§ Task description: From the first line to the last, repeat the data below exactly.
....
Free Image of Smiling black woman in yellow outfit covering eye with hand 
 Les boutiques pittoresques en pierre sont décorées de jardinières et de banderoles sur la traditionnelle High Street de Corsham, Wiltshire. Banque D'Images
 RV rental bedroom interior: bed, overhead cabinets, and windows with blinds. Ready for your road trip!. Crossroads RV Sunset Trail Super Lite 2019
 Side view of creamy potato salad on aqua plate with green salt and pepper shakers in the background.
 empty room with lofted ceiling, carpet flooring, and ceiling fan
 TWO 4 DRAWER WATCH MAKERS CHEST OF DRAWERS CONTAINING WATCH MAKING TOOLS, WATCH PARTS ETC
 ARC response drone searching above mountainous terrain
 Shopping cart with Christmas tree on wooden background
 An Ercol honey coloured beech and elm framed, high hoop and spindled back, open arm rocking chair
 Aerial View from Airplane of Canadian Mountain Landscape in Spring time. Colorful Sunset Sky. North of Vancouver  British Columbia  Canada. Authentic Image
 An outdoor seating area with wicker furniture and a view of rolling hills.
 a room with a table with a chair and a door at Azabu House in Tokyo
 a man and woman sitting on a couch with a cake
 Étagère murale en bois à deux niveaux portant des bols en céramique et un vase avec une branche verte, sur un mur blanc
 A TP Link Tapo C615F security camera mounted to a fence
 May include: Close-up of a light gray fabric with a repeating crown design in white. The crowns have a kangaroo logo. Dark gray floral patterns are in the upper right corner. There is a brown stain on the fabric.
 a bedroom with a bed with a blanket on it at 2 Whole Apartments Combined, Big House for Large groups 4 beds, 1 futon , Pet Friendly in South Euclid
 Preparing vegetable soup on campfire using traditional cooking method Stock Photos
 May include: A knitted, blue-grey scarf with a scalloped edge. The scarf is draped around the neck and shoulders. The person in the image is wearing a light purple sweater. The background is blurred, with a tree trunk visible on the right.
....
§ Written solution:
Free Image of Smiling black woman in yellow outfit covering eye with hand 
 Les boutiques pittoresques en pierre sont décorées de jardinières et de banderoles sur la traditionnelle High Street de Corsham, Wiltshire. Banque D'Images
 RV rental bedroom interior: bed, overhead cabinets, and windows with blinds. Ready for your road trip!. Crossroads RV Sunset Trail Super Lite 2019
 Side view of creamy potato salad on aqua plate with green salt and pepper shakers in the background.
 empty room with lofted ceiling, carpet flooring, and ceiling fan
 TWO 4 DRAWER WATCH MAKERS CHEST OF DRAWERS CONTAINING WATCH MAKING TOOLS, WATCH PARTS ETC
 ARC response drone searching above mountainous terrain
 Shopping cart with Christmas tree on wooden background
 An Ercol honey coloured beech and elm framed, high hoop and spindled back, open arm rocking chair
 Aerial View from Airplane of Canadian Mountain Landscape in Spring time. Colorful Sunset Sky. North of Vancouver  British Columbia  Canada. Authentic Image
 An outdoor seating area with wicker furniture and a view of rolling hills.
 a room with a table with a chair and a door at Azabu House in Tokyo
 a man and woman sitting on a couch with a cake
 Étagère murale en bois à deux niveaux portant des bols en céramique et un vase avec une branche verte, sur un mur blanc
 A TP Link Tapo C615F security camera mounted to a fence
 May include: Close-up of a light gray fabric with a repeating crown design in white. The crowns have a kangaroo logo. Dark gray floral patterns are in the upper right corner. There is a brown stain on the fabric.
 a bedroom with a bed with a blanket on it at 2 Whole Apartments Combined, Big House for Large groups 4 beds, 1 futon , Pet Friendly in South Euclid
 Preparing vegetable soup on campfire using traditional cooking method Stock Photos
 May include: A knitted, blue-grey scarf with a scalloped edge. The scarf is draped around the neck and shoulders. The person in the image is wearing a light purple sweater. The background is blurred, with a tree trunk visible on the right.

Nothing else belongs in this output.